**To do**: Leave out the pictures and repeat exactly the lines from the one containing "Lenovo ThinkPad L13" through the end of the records.

**Task inputs**:
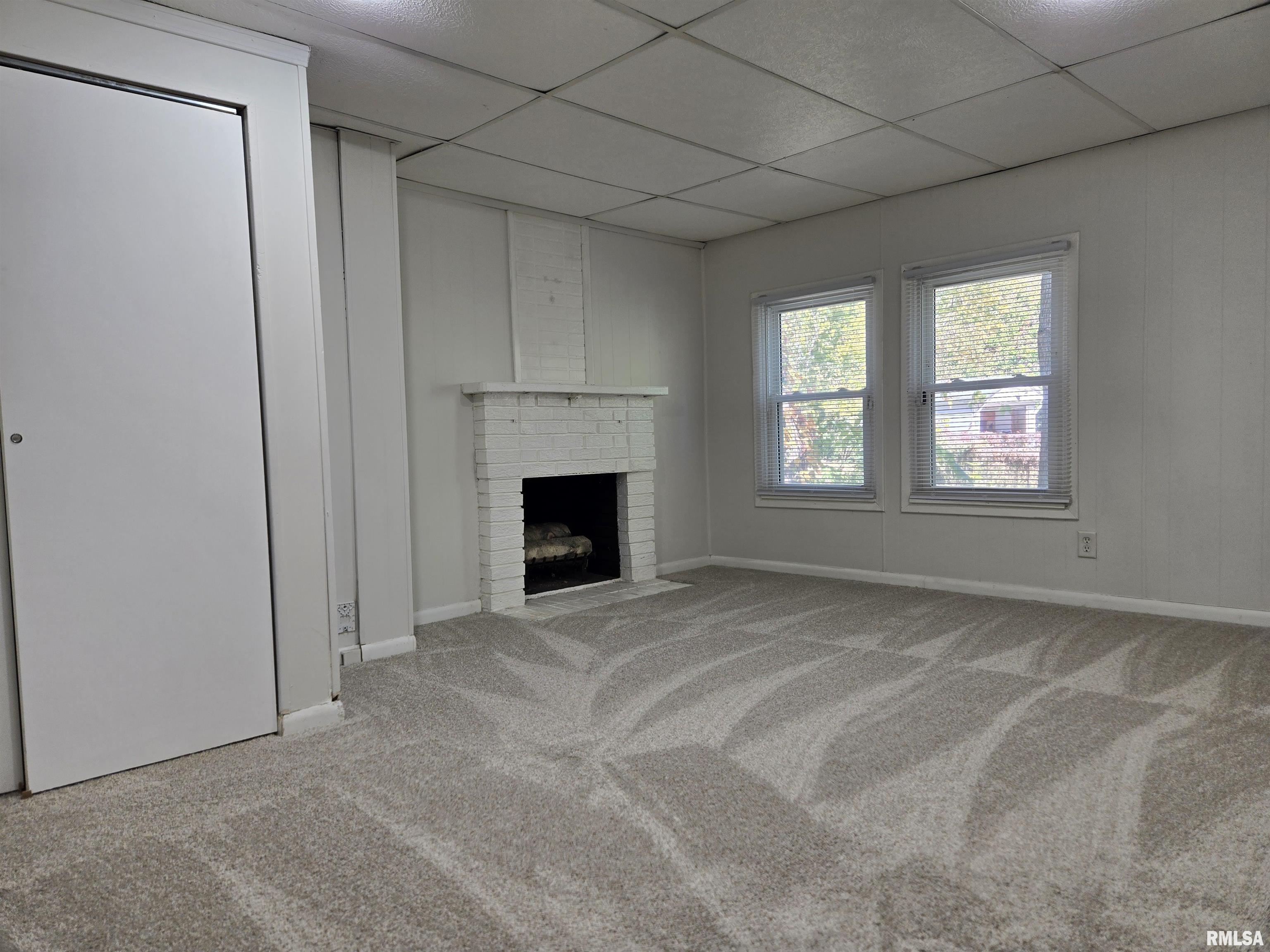 635 West Herndon Street Springfield, IL 62702 - Photo 15 of 21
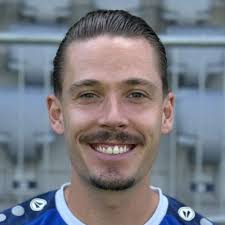 Fabian Burdenski :: Fabian-Herbert Burdenski :: Statistics :: Titles ::  History (Timeline) :: Goals Scored :: Fixtures :: Results :: News &  Features :: Videos :: Photos :: playmakerstats.com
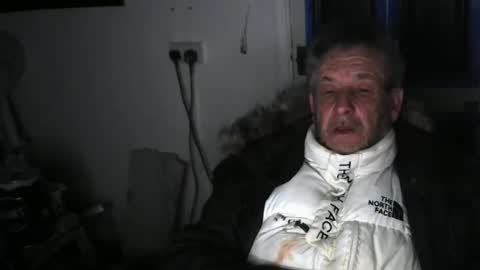 projectorepson online show from February 2025 07:59:02 PM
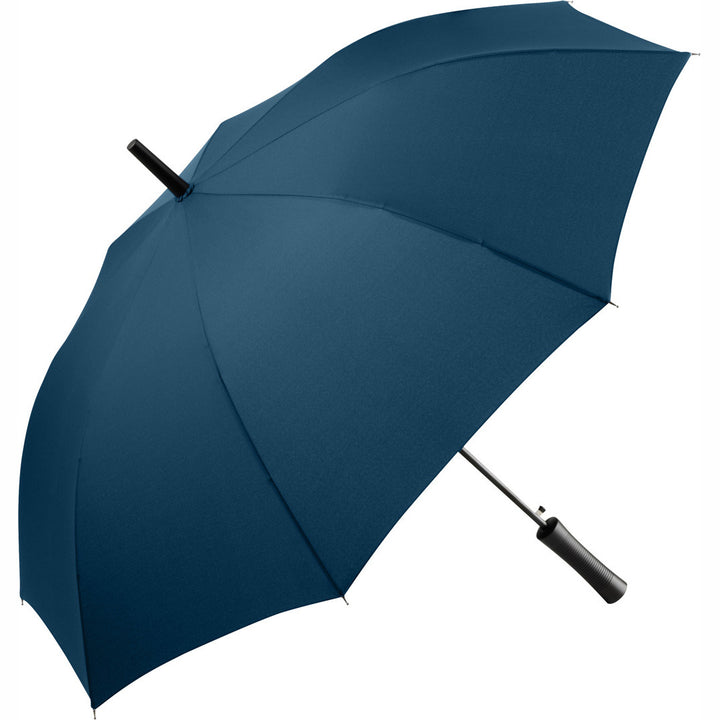 Fare 1149 regular umbrella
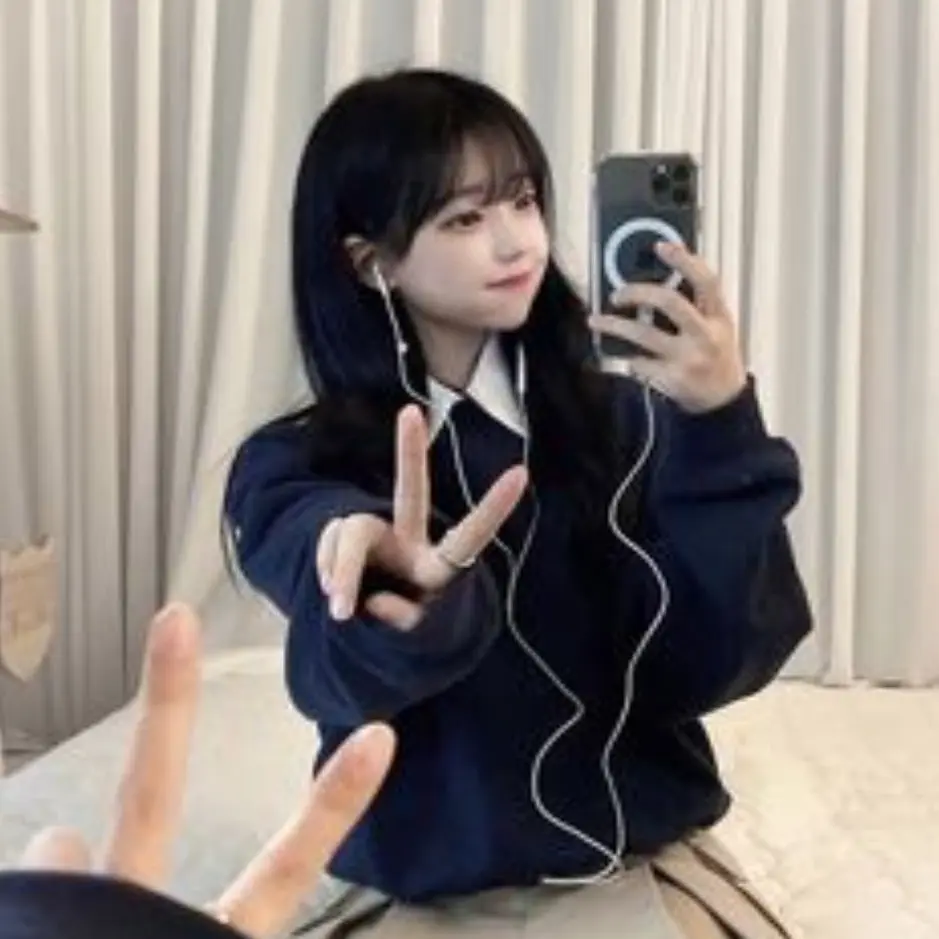 04150의 고등학교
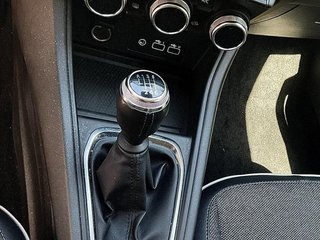 RENAULT Captur Captur TCe GPF Micro Híbrido Techno 103kW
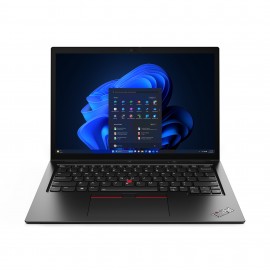 Lenovo ThinkPad L13 2-in-1 Gen 5 (Intel) Intel Core Ultra 5 125U Híbrido (2-en-1) 33,8 cm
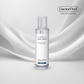 DACTOR PEEL The First Velvet Glow Ample Softener
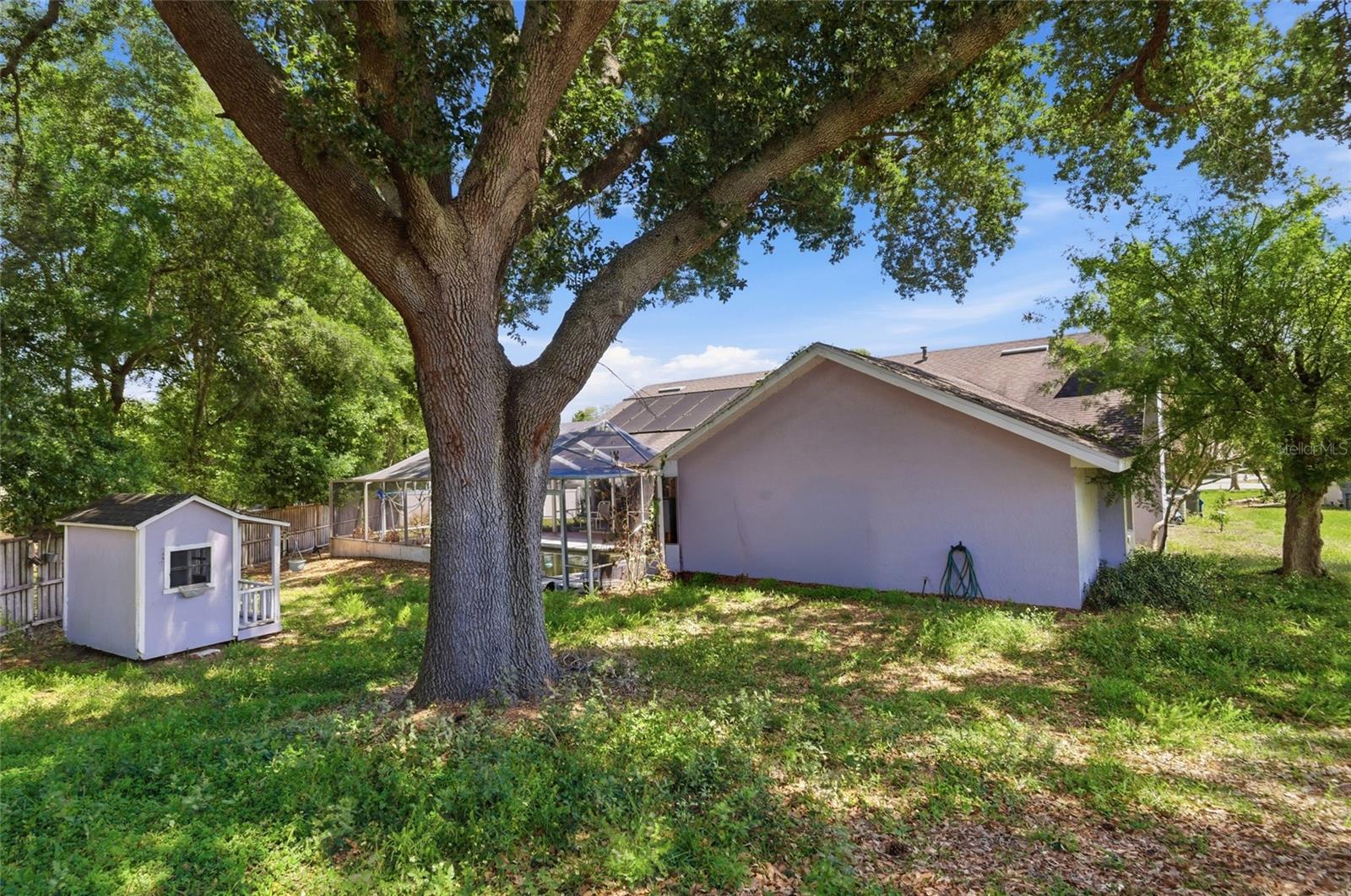 Image 29 of 29 For 215 Santa Rosa Drive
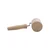 Dough roller, beech wood, Woody - Westmark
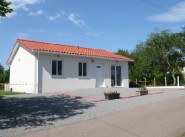 Villa Ranchal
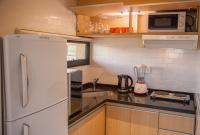 Apartamento Dúplex (5 Adultos)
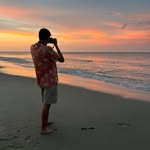 Tyler Mullen - @tylermullen425 - Instagram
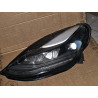 1514952-00-E Tesla Model 3 Left LED Headlight 2022-2025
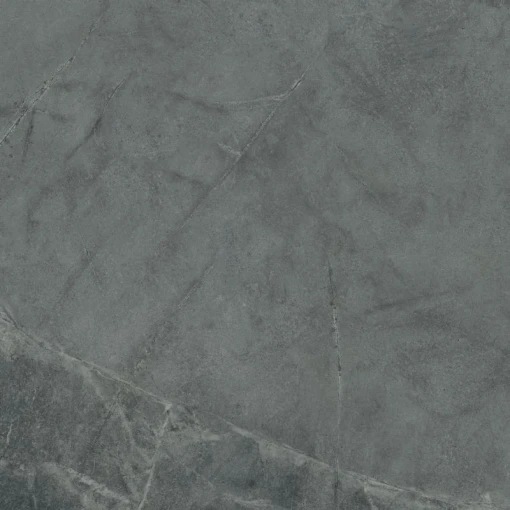 ABK Atlantis Smoke Rett. 60x60 płytki kamienne gresowe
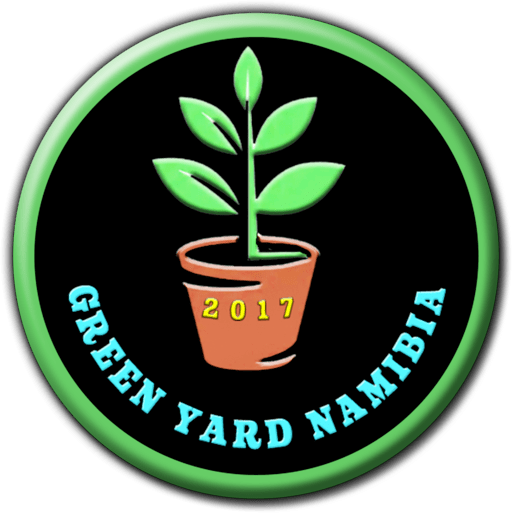 Green Yard Namibia - Nurseries in Windhoek, Namibia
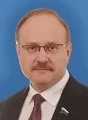 Иконников  Василий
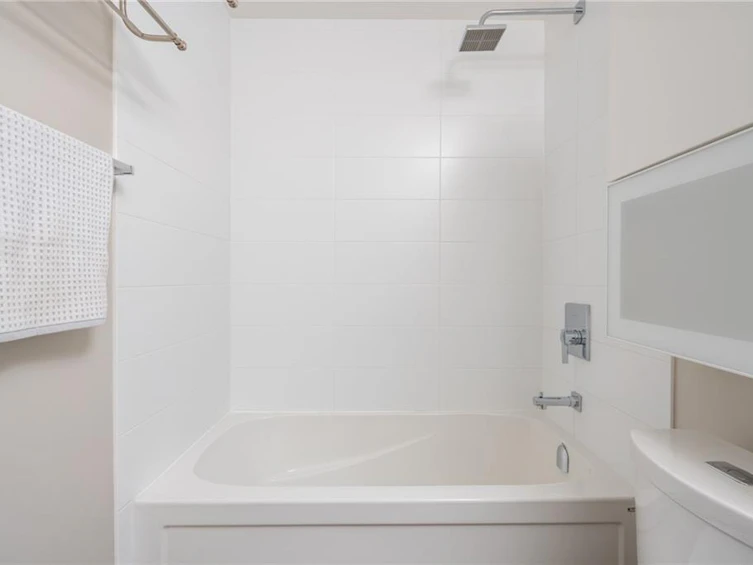 603A-5230 Dundas Street, Burlington, ON, L7L 0J5 - 11
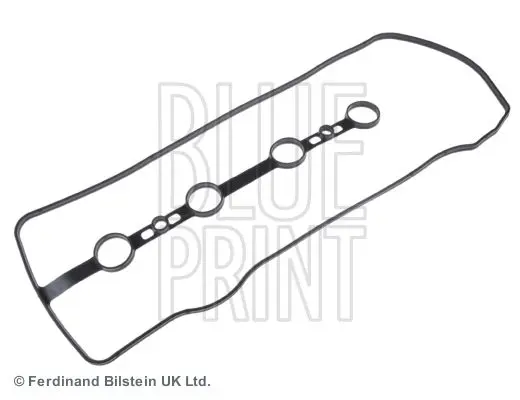 BLUE PRINT ADT36751 Прокладкa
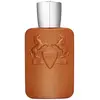 Women's Perfume Parfums de Marly ALTHAÏR EDP 125 ml 125 ml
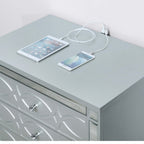 Menlo Nightstand
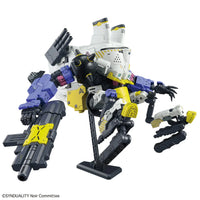 Bandai HG Synduality Noir Daisy Ogre 2611006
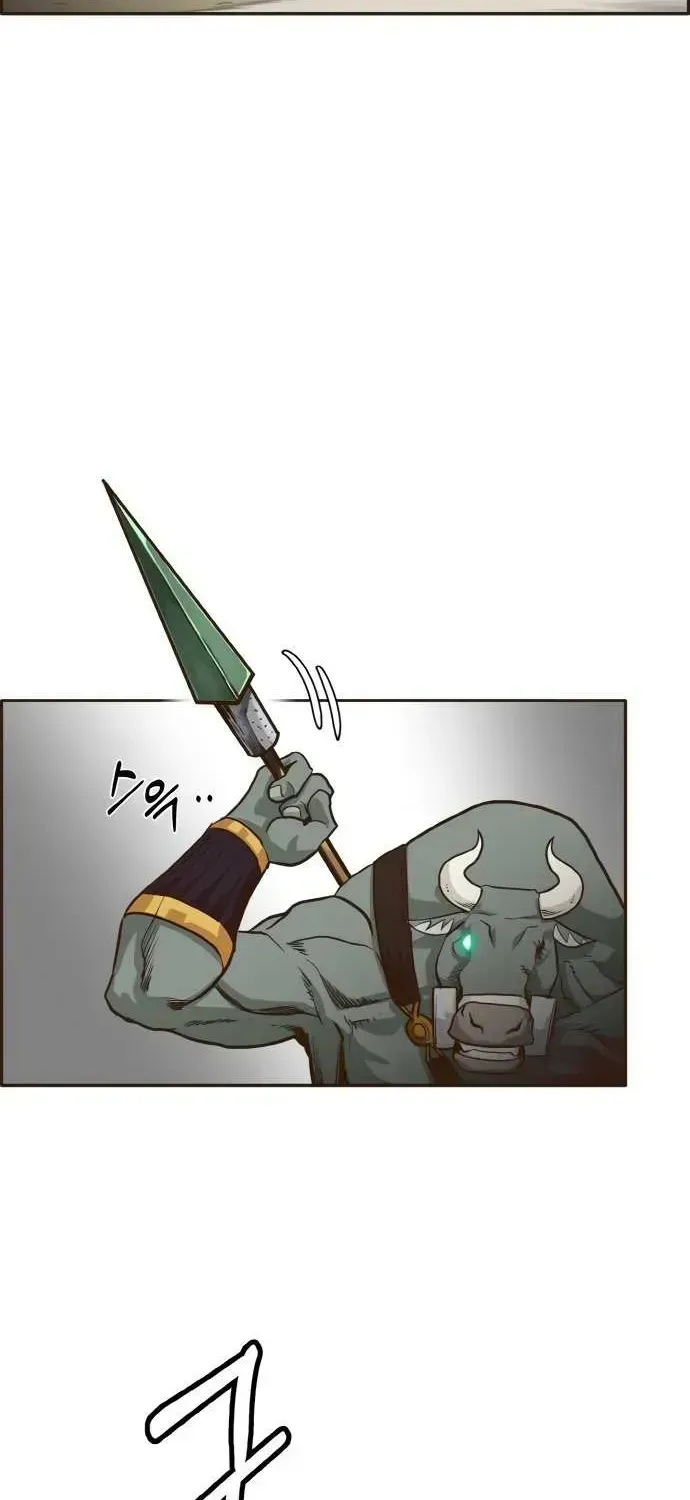 Read Counter Cube chapter 10.2 image 38 on Lezhin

**Solution to the problem**:
 Lenovo ThinkPad L13 2-in-1 Gen 5 (Intel) Intel Core Ultra 5 125U Híbrido (2-en-1) 33,8 cm
 DACTOR PEEL The First Velvet Glow Ample Softener
 Image 29 of 29 For 215 Santa Rosa Drive
 Dough roller, beech wood, Woody - Westmark
 Villa Ranchal
 Apartamento Dúplex (5 Adultos)
 Tyler Mullen - @tylermullen425 - Instagram
 1514952-00-E Tesla Model 3 Left LED Headlight 2022-2025
 ABK Atlantis Smoke Rett. 60x60 płytki kamienne gresowe
 Green Yard Namibia - Nurseries in Windhoek, Namibia
 Иконников  Василий
 603A-5230 Dundas Street, Burlington, ON, L7L 0J5 - 11
 BLUE PRINT ADT36751 Прокладкa
 Women's Perfume Parfums de Marly ALTHAÏR EDP 125 ml 125 ml
 Menlo Nightstand
 Bandai HG Synduality Noir Daisy Ogre 2611006
 Read Counter Cube chapter 10.2 image 38 on Lezhin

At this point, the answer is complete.